Two ‘extremists’ killed, child rescued, four surrender

Two suspected extremists were killed, a four-year girl was rescued and four people were held on surrender during a raid at a suspected den of extremists at a house at Ashkona in Dhaka on Saturday.
Dhaka Metropolitan Police officials said that one of the deceased, a teenage, was son of banker Tanvir Quaderi, who ‘committed suicide’ during a raid at Azimpur house in Dhaka on September 10, while the other was the wife of suspected extremist Sumon.
They, however, said that they were trying to confirm the exact identities of the deceased.
The police officials said that they rescued the minor girl injured from the scene during the operation at the ground floor of three-storey Surja Villa on Mosque Road of Ashekona Purba Para, cordoned by the security forces.

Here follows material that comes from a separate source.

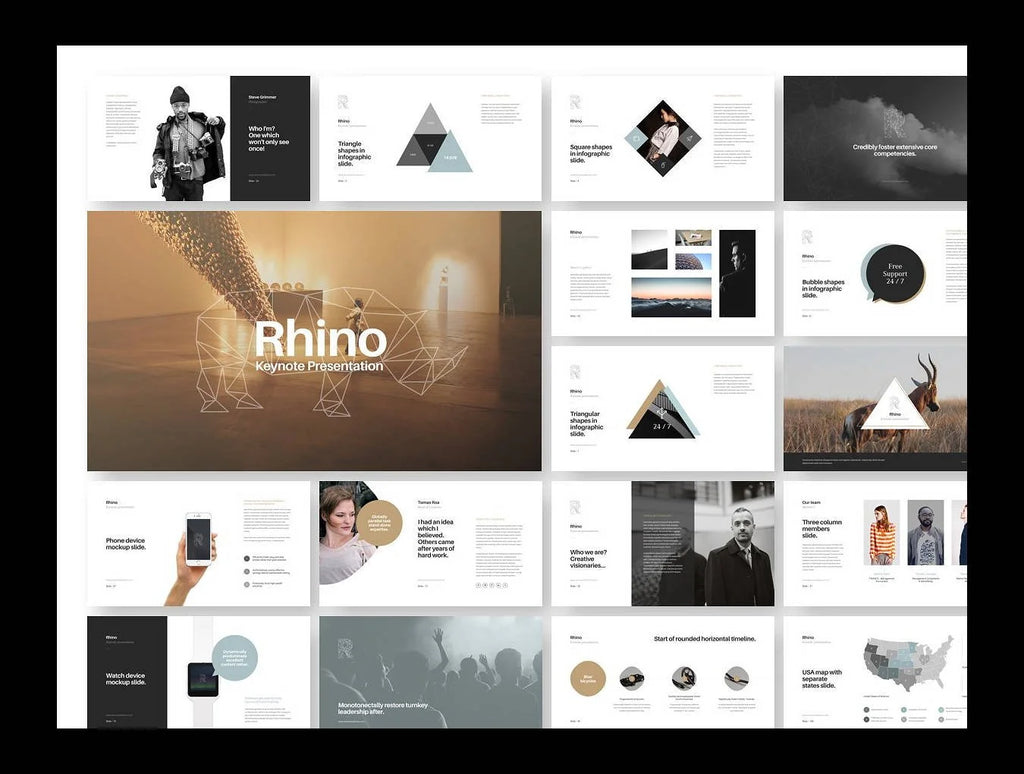 Premium Keynote Bundle - All in One Presentation Templates product preview image 3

Counter Terrorism and Transnational Crimes unit chief Monirul Islam of the metropolitan police said that four people – Jebunnesa, the widow of suspected extremist retired army major Jahidul Islam who was killed in an operation at Rupnagar in Dhaka on September 2, and their child, suspected extremist Musa’s wife Trisha and their child – surrendered to the police responding to their call at about 9:00am.
The law enforcers also seized a pistol, six bullets and explosives from the four, he said.

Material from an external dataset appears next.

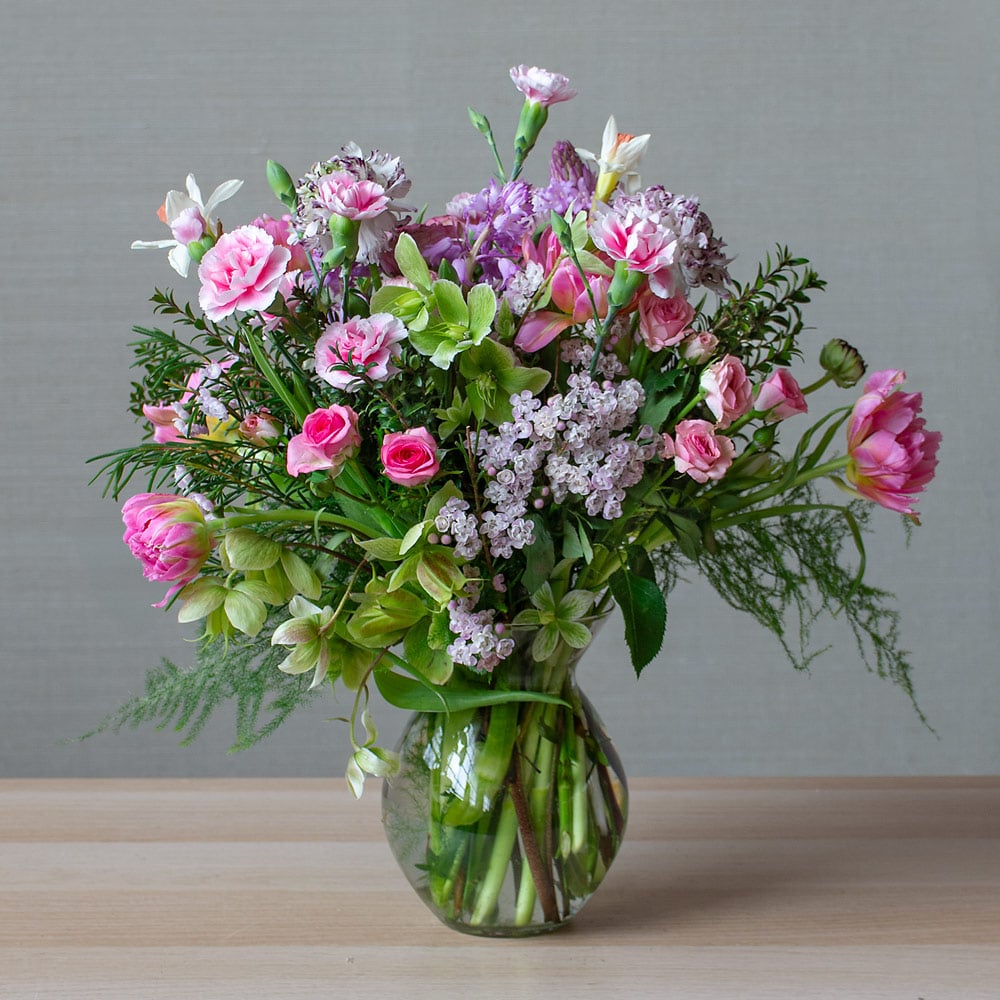Semia's Artistic Bouquet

Monirul said that the two deceased and the four detained were operatives of a faction of extremist outfit Jamaatul Mujahedeen Bangladesh.

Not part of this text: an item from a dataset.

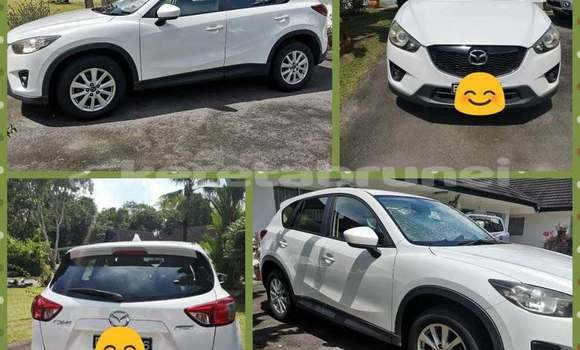 Buy Used Mazda CX-5 White Car in Bandar Seri Begawan in Brunei-Muara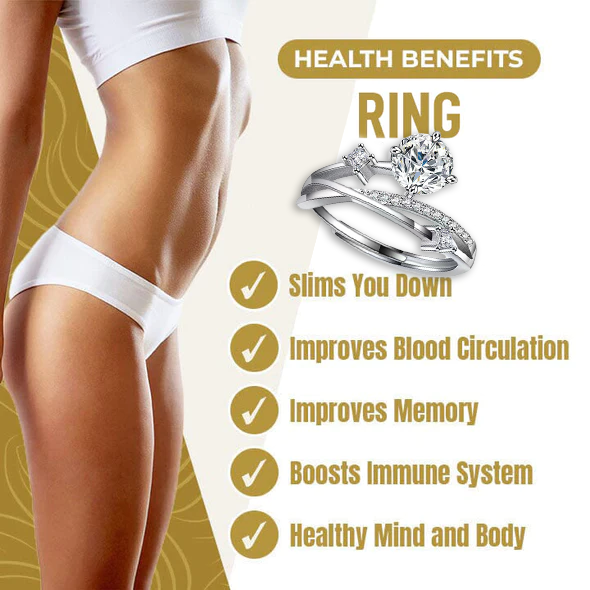 💫Last Day Promotion 80%OFF🔥-Histone Magnetology Moissanite Diamond Ring💖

He said that the arrested four were taken to Detective Branch for interrogation. 
The police employed huge firearms and tactical forces in the 14-hour-long drive, Operation Ripple 24, beginning at 2:00am about one kilometre and a half from Hazrat Shahjalal International Airport in Dhaka.
Home minister Asaduzzaman Khan went to the spot at about 3:20pm to announce the operation closed at 3:40pm.
Police were trying to capture all of the suspects alive, he said, adding that counter-terrorism unit members, on secret information that extremist Musa and his associates were staying at the house, cordoned it early Saturday and asked the suspects to surrender.
At one stage in the morning, four people surrendered to the police and informed that three others were at the apartment, he said, adding that police later repeatedly asked them to surrender.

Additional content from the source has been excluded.